=== Collected data ===
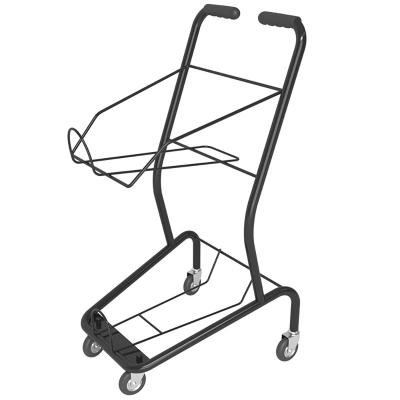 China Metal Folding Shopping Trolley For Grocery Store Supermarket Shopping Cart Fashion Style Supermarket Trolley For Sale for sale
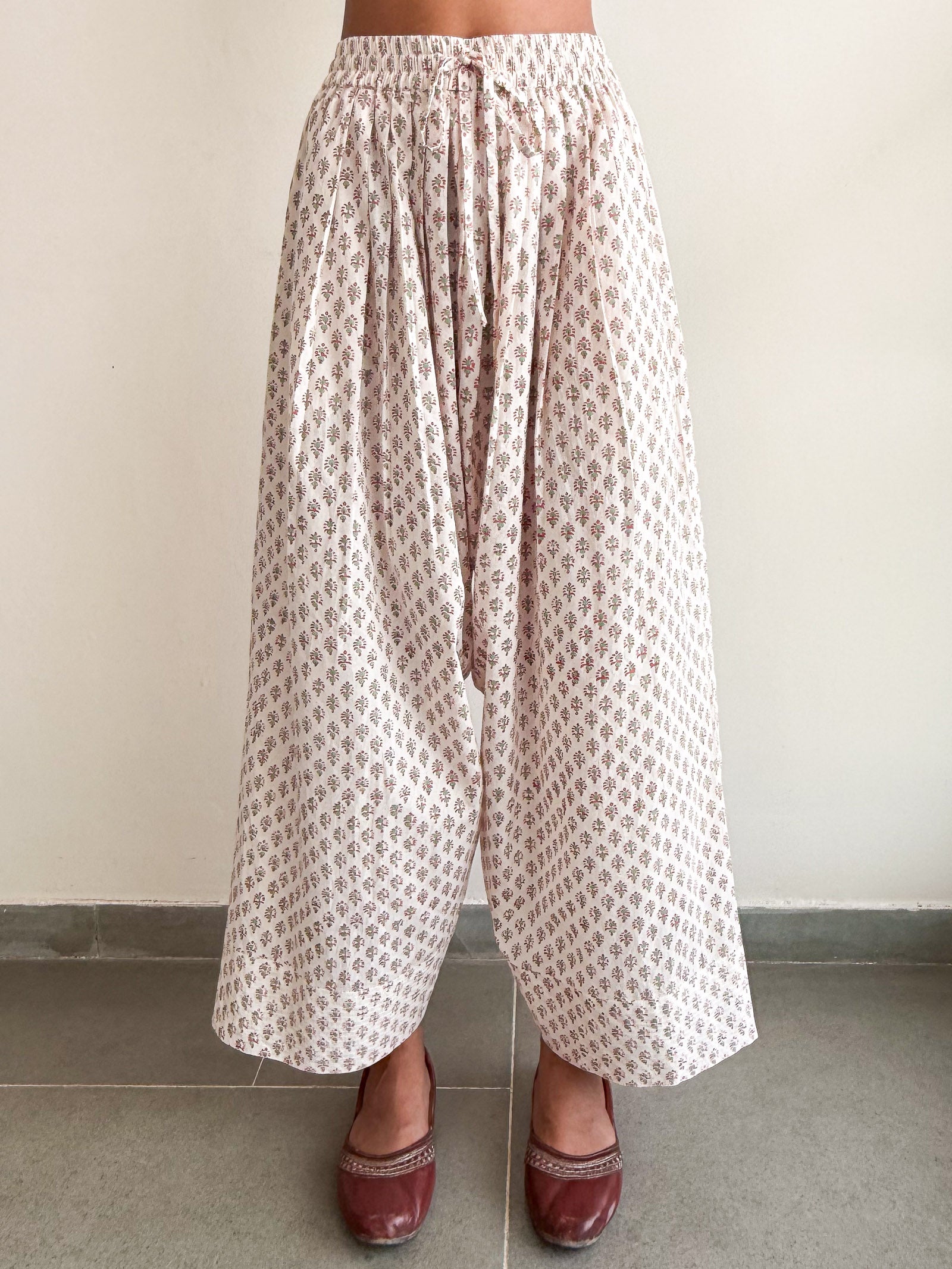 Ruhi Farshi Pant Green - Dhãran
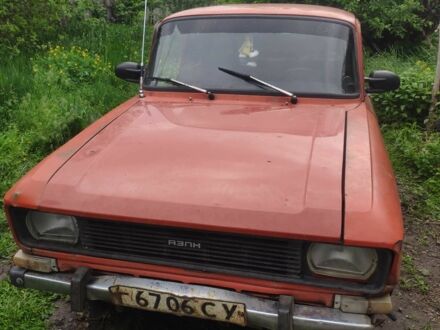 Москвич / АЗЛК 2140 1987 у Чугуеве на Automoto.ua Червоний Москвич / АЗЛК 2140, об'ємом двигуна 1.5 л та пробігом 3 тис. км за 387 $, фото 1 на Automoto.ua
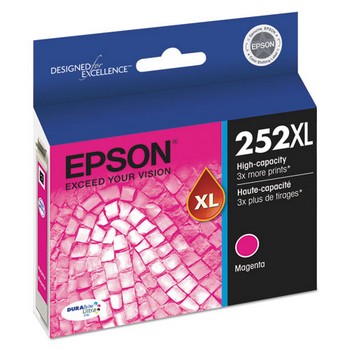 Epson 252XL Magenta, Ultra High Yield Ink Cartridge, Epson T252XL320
===
- The task: Exclude the pictures. Write out the remaining data exactly.

- Result for this exercise:
 China Metal Folding Shopping Trolley For Grocery Store Supermarket Shopping Cart Fashion Style Supermarket Trolley For Sale for sale
 Ruhi Farshi Pant Green - Dhãran
 Москвич / АЗЛК 2140 1987 у Чугуеве на Automoto.ua Червоний Москвич / АЗЛК 2140, об'ємом двигуна 1.5 л та пробігом 3 тис. км за 387 $, фото 1 на Automoto.ua
 Epson 252XL Magenta, Ultra High Yield Ink Cartridge, Epson T252XL320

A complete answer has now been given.